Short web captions
--- START ---

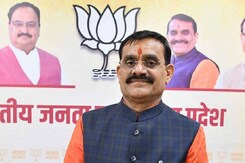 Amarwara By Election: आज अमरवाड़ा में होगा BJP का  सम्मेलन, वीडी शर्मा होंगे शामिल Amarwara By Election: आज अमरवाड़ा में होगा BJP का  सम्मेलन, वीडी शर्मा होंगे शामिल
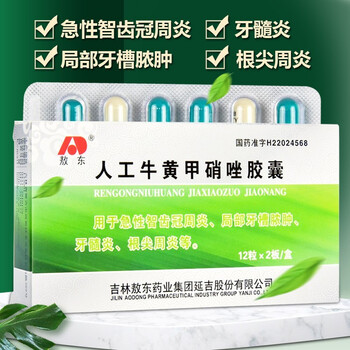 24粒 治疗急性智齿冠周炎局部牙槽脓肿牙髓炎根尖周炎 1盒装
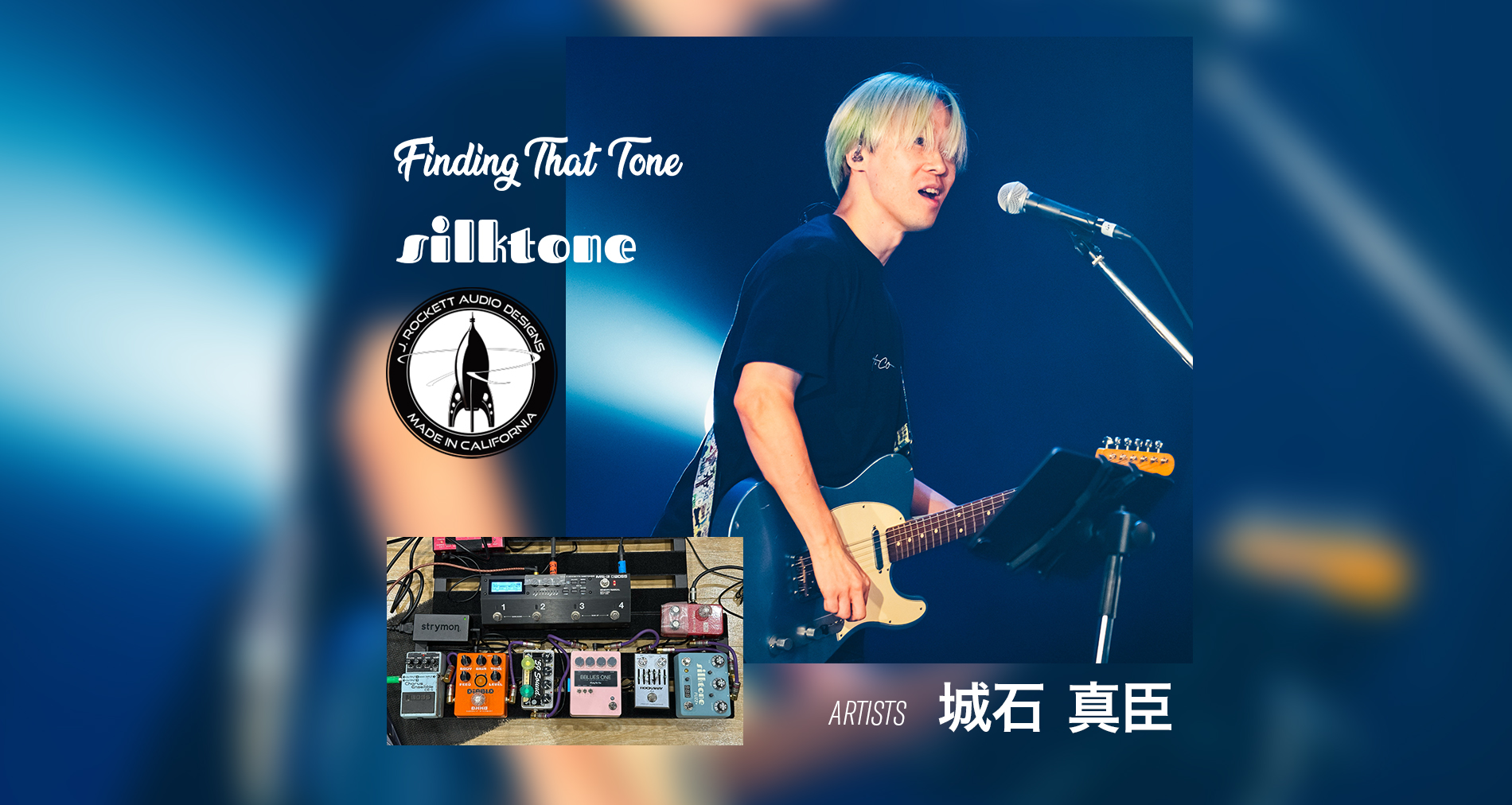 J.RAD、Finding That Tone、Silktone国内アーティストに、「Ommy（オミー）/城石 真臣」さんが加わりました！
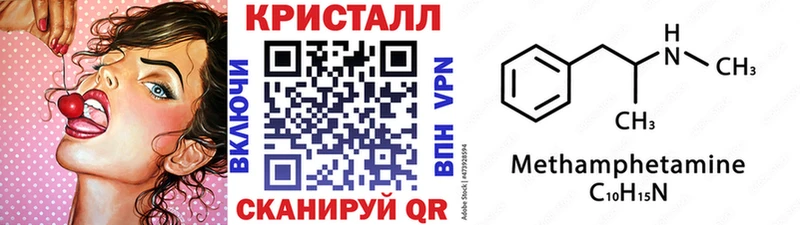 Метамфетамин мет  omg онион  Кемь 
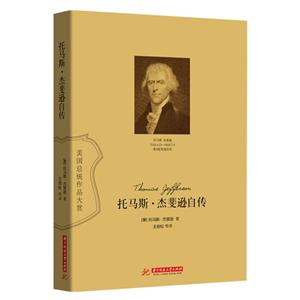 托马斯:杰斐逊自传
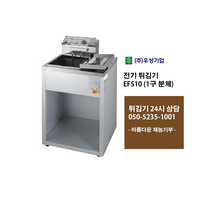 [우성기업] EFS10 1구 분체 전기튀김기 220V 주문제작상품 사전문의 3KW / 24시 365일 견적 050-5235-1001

--- END ---

_TASK DIRECTIONS_:
Give back word for word the lines from the one containing "24粒 治疗急性智齿冠周炎局部牙槽脓肿牙髓炎根尖周炎 1盒装" through the final line of the data above. Pictures are to be left out.

_ANSWER SECTION_:
 24粒 治疗急性智齿冠周炎局部牙槽脓肿牙髓炎根尖周炎 1盒装
 J.RAD、Finding That Tone、Silktone国内アーティストに、「Ommy（オミー）/城石 真臣」さんが加わりました！
 Метамфетамин мет  omg онион  Кемь 
 托马斯:杰斐逊自传
 [우성기업] EFS10 1구 분체 전기튀김기 220V 주문제작상품 사전문의 3KW / 24시 365일 견적 050-5235-1001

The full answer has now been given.